The Department of Agriculture, Environment and Rural Affairs (DAERA) has released its provisional municipal waste figures for October–December 2024. The quarterly statistics outline how Northern Ireland’s 11 councils managed more than 234,000 tonnes of rubbish, revealing small shifts in recycling, landfill and energy-from-waste trends.
The data matter because they track Northern Ireland’s progress towards UK-wide and European circular-economy targets, including a 65 per cent recycling goal by 2035 and a sharp reduction in landfill use. Councils, waste contractors, and residents all have a stake in how the numbers move—especially as decisions on new infrastructure and behaviour-change campaigns hinge on this evidence.
Key figures at a glance
- Total waste collected: 234,229 tonnes (virtually unchanged from the same quarter in 2023).
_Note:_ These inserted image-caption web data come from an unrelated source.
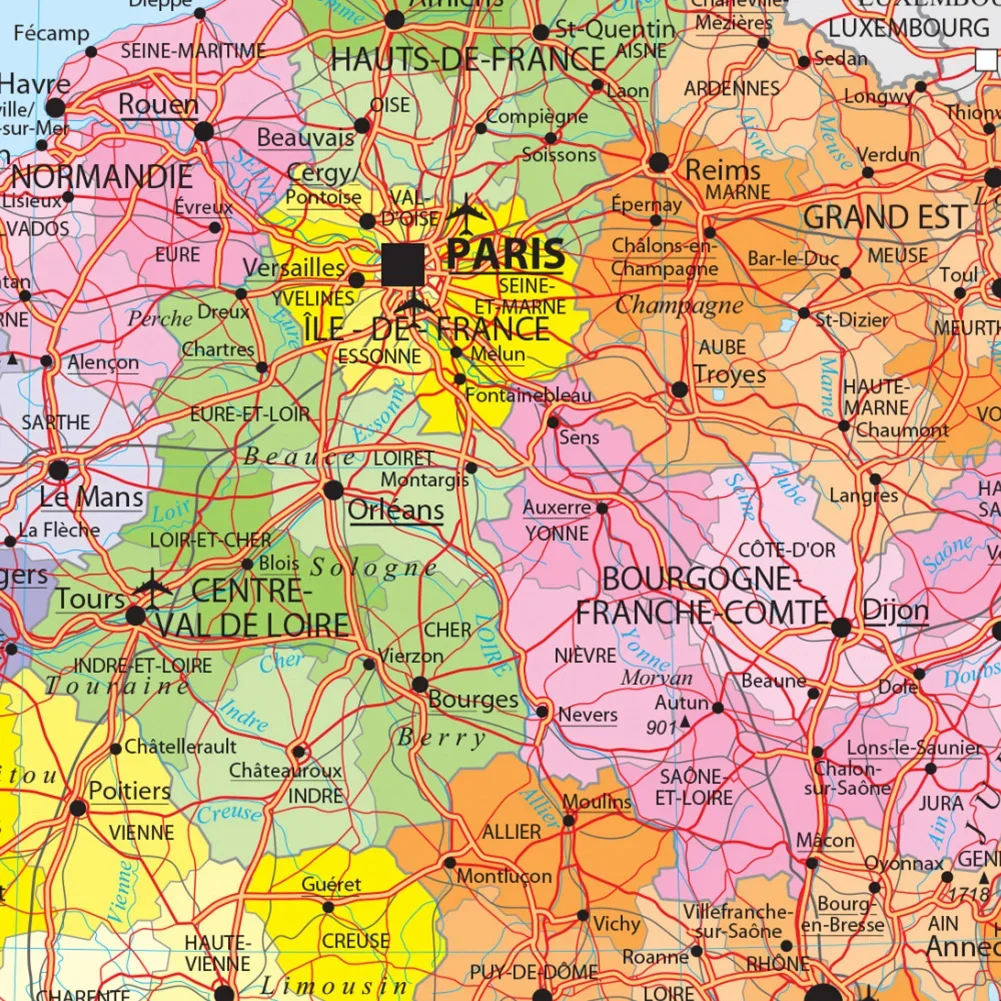 59*84cm mapa de transporte político, a frança cartaz de parede francesa pintura em tela sala decoração de casa material escolar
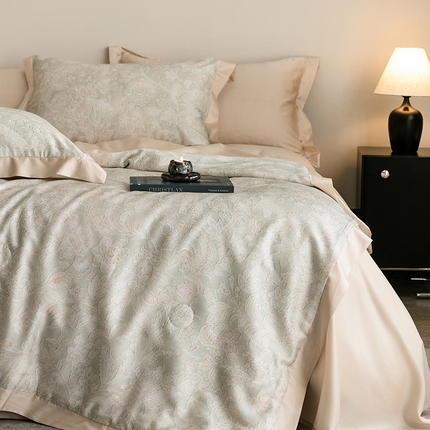 立奥被业 2025年新款100%莱赛尔夏被莱赛尔夏被四件套天丝夏凉被 乐游曲-金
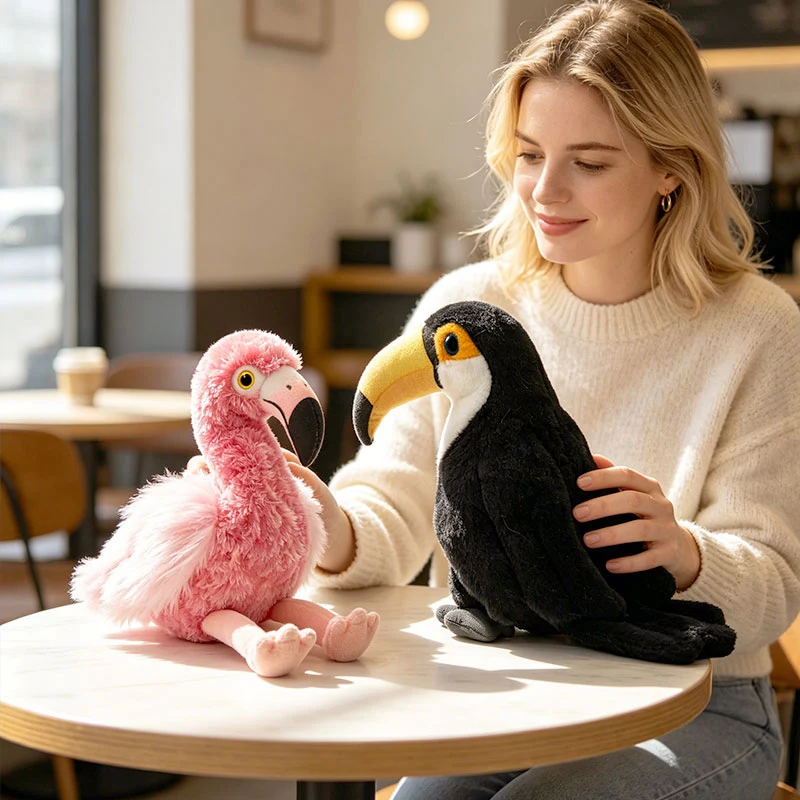 

35cm Cute Simulation Flamingo Plush Doll Toucan Bird Plush Toy Soft Stuffed Bird Animal Doll Birthday Gifts For Boys And Girls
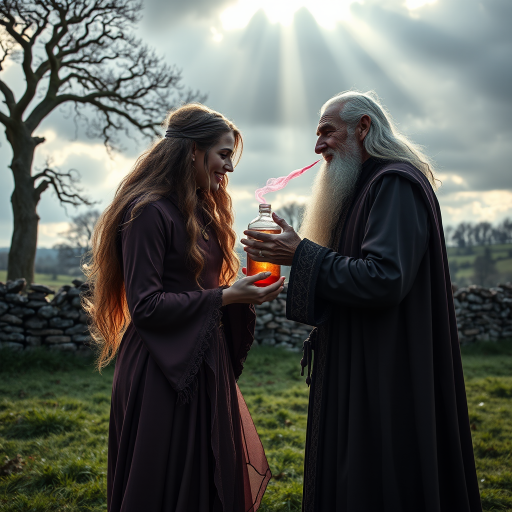 Create a super realistic photo portrait of the sorceress Nimue enthralling the old long haired and bearded magician Merlin with the scent of a magic perfume-potion. Merlin's senses are blurred and he has a happy smile on his face like that of a slightly drunken man. Nimue is standing opposite of Merlin facing him. She is holding out the potion with both hands towards Merlin's nose. A visual depiction of the pink scent soflty creeps into Merlin's nostrils. The picture is set in front of a typical British landscape with grass, a dry stone wall and old and big trees. Cloudy skies with sun-rays braking through giving the picture a soft and romantic tone. HDRI, 8k,V-Ray render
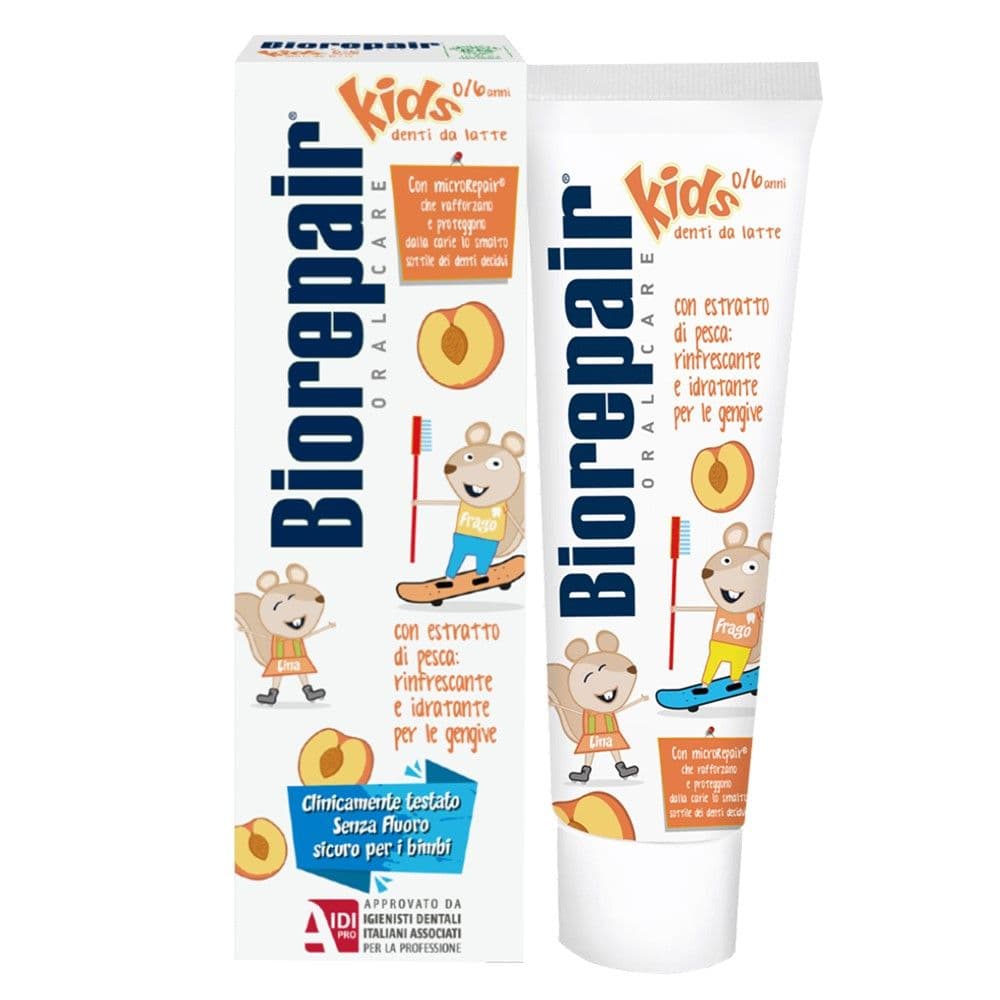 Pastë dhëmbësh mbrojtëse për fëmijë, Peach, Biorepair, plastikë, 50 ml, e bardhë dhe portokalli, 1 copë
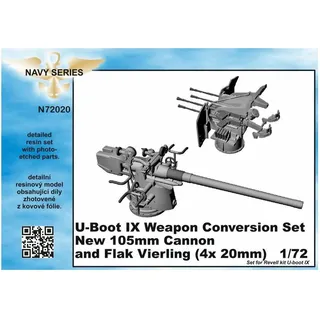 CMK U-Boot IX Weapon Conversion set-new105mm cannon a.Flak Vierling f.Revell kit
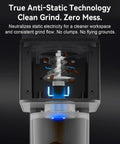Precision Conical Burr Coffee Grinder With Smart Bluetooth Scale And 31 Adjustable Grind Settings For Home Brewers showing anti-static technology.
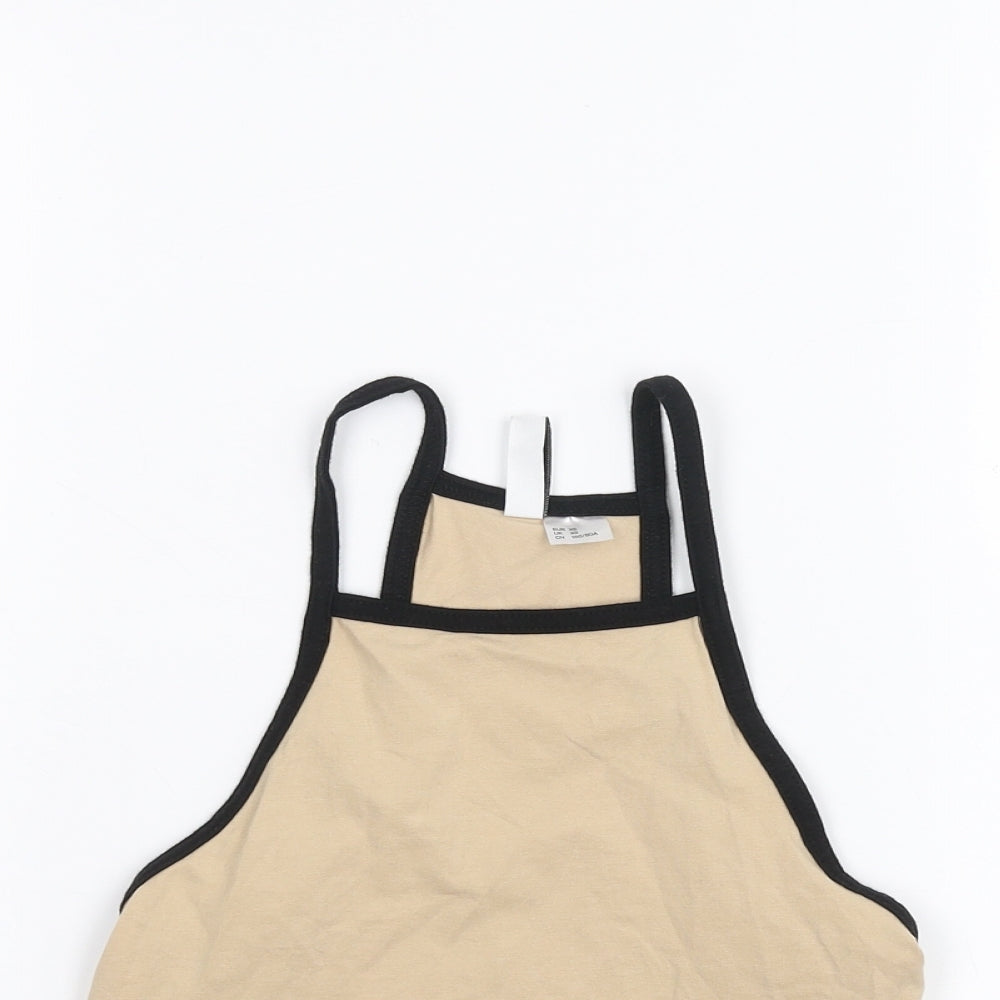 Womens UK Size XS H&M Brown Basic Tank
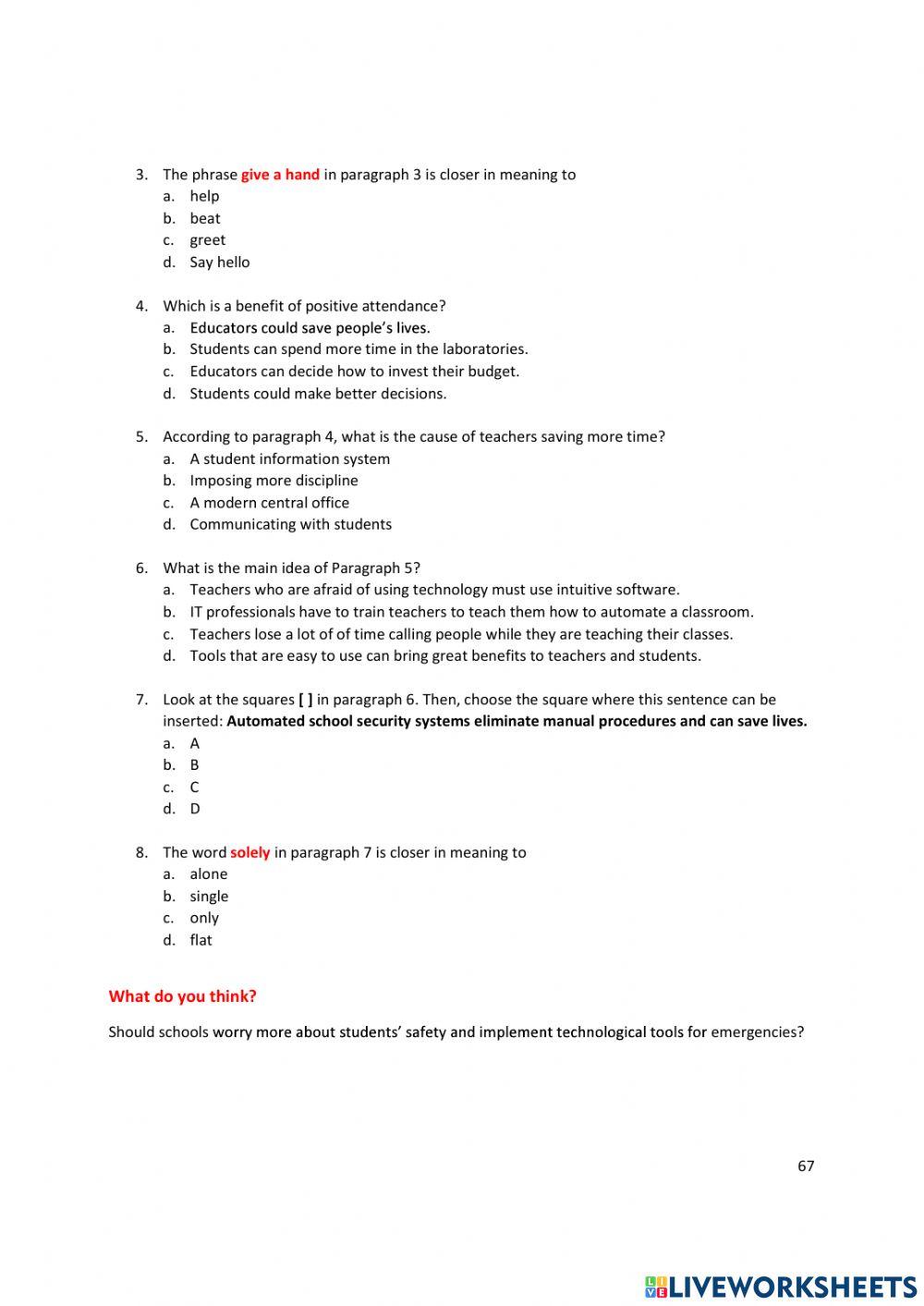 Unit 6 Reading 3 Automated Schools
- Recycling rate: 47.7 per cent, down 0.8 percentage points year-on-year.
- Landfill rate: 16.2 per cent, continuing a long-term fall from 75.4 per cent in 2006.
- Energy recovery: 34.6 per cent, up from 32.8 per cent last year and just 0.5 per cent in 2009.
- Household waste made up 87.6 per cent of the total; its recycling rate was 48.2 per cent.
What the statistics tell us
The headline story is stasis: overall tonnage is flat, recycling slipped slightly, landfill continued its steady decline, and energy-from-waste picked up the slack. These movements mirror a broader UK trend whereby growth in energy-recovery facilities is compensating for plateauing recycling rates.
DAERA emphasises that all figures are provisional and will be finalised in November 2025. The numbers come from councils’ quarterly returns to the UK-wide WasteDataFlow system and are part of a series dating back to 2009/10.
Omissions and areas for clarification
- No council-by-council breakdown. While arc21 and North West regional groupings are mentioned, readers cannot see which districts are ahead or behind.
- No explanation of the dip in recycling. It is unclear whether the fall stems from contamination, changing market conditions, or public behaviour.
- Carbon impact is absent. The release does not translate waste-management choices into greenhouse-gas savings—information that could place the data in a climate context.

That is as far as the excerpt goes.